IAS 27 – SEPARATE FINANCIAL STATEMENTS

 


IAS 27 – SEPARATE FINANCIAL STATEMENTS

IAS 27 contains accounting and disclosure requirements for investments in subsidiaries, joint ventures and associates when an entity prepares separate financial statements.

 

IAS 27 requires an entity preparing separate financial statements to account for those investments at cost or in accordance with IFRS 9.

 

Separate Financial Statements are those presented by a parent or an investor with joint control of, or significant influence over, an investee, in which the investments are accounted for at cost or in accordance with IFRS 9.

 

Separate financial statements are those presented in addition to consolidated financial statements or in addition to financial statements in which investment in associates or joint ventures are accounted for using the equity method.

 

Note:

However if a company is exempt from the need to consolidate or account for an investment using the equity method, the separate financial statements are its only financial statements.

 

Preparation of Separate Financial Statements

Separate financial statements must be prepared in accordance with all applicable IFRSs.

 

Investments in subsidiaries, joint ventures and associates must be accounted for in separate financial statements, either at cost or in accordance with IFRS 9 or using the equity method.

 

A company must apply the same accounting for each category of investments.

 

Investments accounted for at cost are subject to the rules in IFRS 5 when they are classified as held for sale.

 

IAS 28 allows an entity to measure its investments in associates or joint ventures at fair value through profit or loss.

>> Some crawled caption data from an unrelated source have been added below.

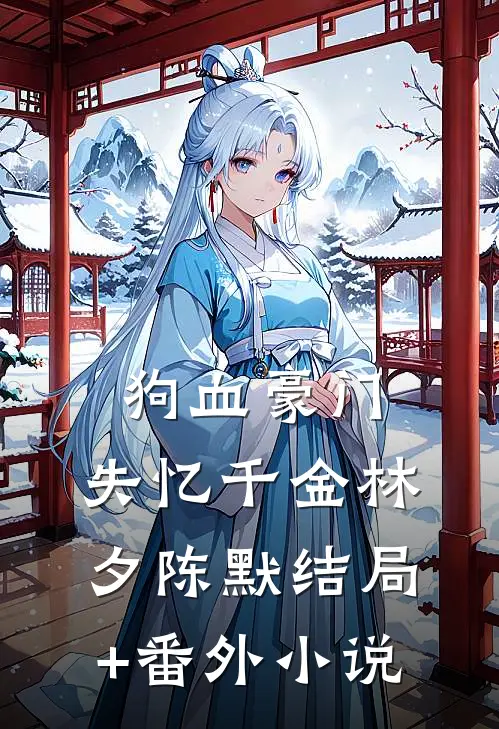 狗血豪门：失忆千金林夕陈默结局+番外小说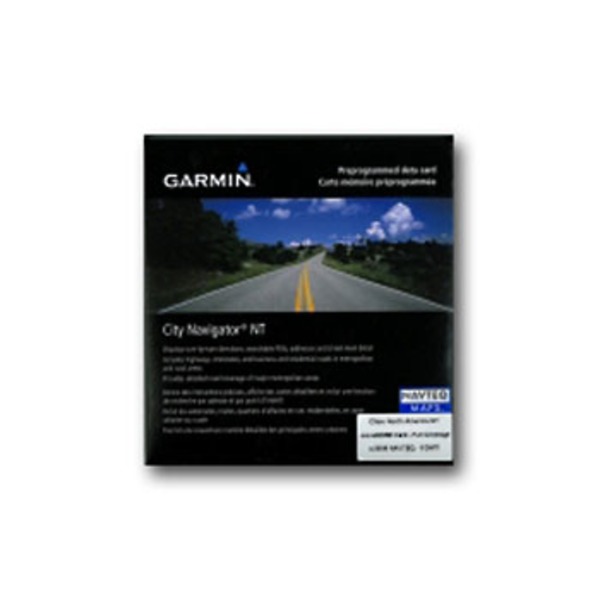 GARMIN(ガーミン) CityNavigator Austraria&NewZealand NT microSD/SD 1187500 GPSソフト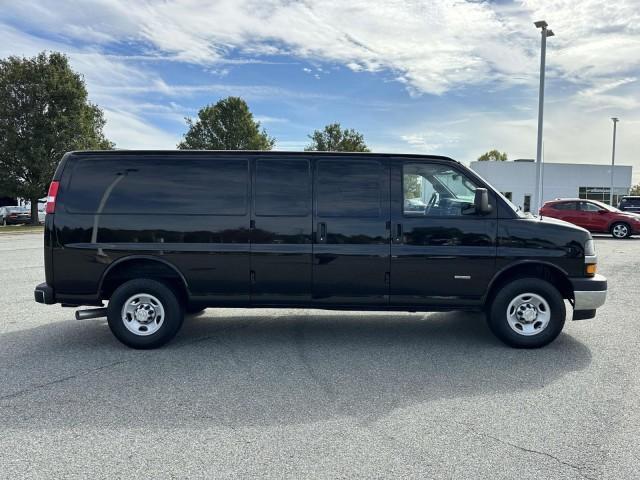 used 2022 Chevrolet Express 3500 car, priced at $36,998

Such investments must be accounted for in the same way in its separate financial statements.

 

Dividends are recognised in profit or loss in separate financial statements when the right to receive the dividend is established.

 

DISCLOSURE

A parent should disclose the following when it prepares financial statements:

1. the fact that the financial statements are separate financial statements.

 

2. a list of significant investments in subsidiaries, joint ventures and associates including:

a. the name of those investees,

b. the principal place of business,

c. its proportion of the ownership interest.

 

3. a description of the method used to account for the investment listed.

 

If a parent is exempt from preparing consolidated financial statements and elects not to do so, and instead prepares separate financial statements, it must disclose:

1. the fact that the financial statements are separate financial statements.

 

2. that the exemption from consolidation has been used.

 

3. the name and principal place of business of the entity whose consolidated financial statements that comply with IFRS have been produced for public use.

 

4. the address where those consolidated financial statements are obtainable.